Vers 3048. — Lire ierent. ═ Recreanz. O. Pour le cas sujet, il faut recreant.
Vers 3049. — Ciel. O. V. la note du vers 545 et celle du vers 1500.
Vers 3050. — Lire vielz. ═ Richard. O. Le cas sujet exige Richarz. ═ Résumons brièvement la légende de Richard de Normandie. a. Comme on le voit, il n’est pas compté par l’auteur du Roland au nombre des douze Pairs. Mais, en revanche, il est élevé à cet honneur dans Renaus de Montauban, Gui de Bourgogne, l’Entrée en Espagne (?), Fierabras, Simon de Pouille. — b. Dans Renaus de Montauban, Richard joue son rôle à côté des autres Pairs. Il se refuse énergiquement à pendre son homonyme, Richard, le fils d’Aymon, que Charlemagne a injustement condamné à mourir : Richars est de ma geste et de mon parenté ; — Je ne l’pandroie mie por quan que vos avés. (Éd. Michelant, p. 268, vers 30, 31.) — c. Richard fait, dès le début, partie de la grande armée qui passe les Pyrénées. Au commencement de l’Entrée en Espagne, il est représenté comme un partisan de la guerre, contre Ganelon, chef du parti de la paix (f° 3, r°, du manuscrit de Venise, xxi), etc. etc. — d.
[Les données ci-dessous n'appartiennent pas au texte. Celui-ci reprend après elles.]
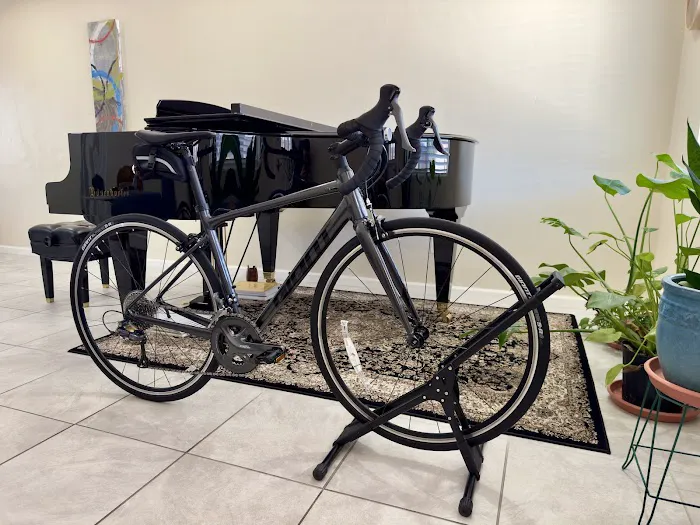 Scottsdale Bike Co. Picture 7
Mais le poëme où il tient le plus de place, c’est la Chanson de Saisnes, et il en tenait encore davantage dans ce roman perdu qui avait pour titre les Barons Herupés. Dans les Saisnes, en effet, Richard est un des chefs des Herupois. Or les Herupois, « ce sont les Normands, les Angevins, les Manceaux, les Bretons et les Tourangeaux. » À leur tête on voit le vieux Huon du Mans, Geoffroi d’Angers, Richard de Normandie et Salomon de Bretagne. Or ces peuples jouissent de priviléges exorbitants, et, quand un jour l’Empereur veut les contraindre à payer le chevage, ils se mettent en marche... contre Charles. Ce sont des rebelles, et de formidables rebelles. L’Empereur pâlit et tremble à leur approche : il va au-devant d’eux, pieds nus, avec le Pape, les évêques et les barons. C’est alors, mais alors seulement, que les Herupois daignent s’apaiser. (V. la Chanson de Saisnes, couplets xix-xliv.)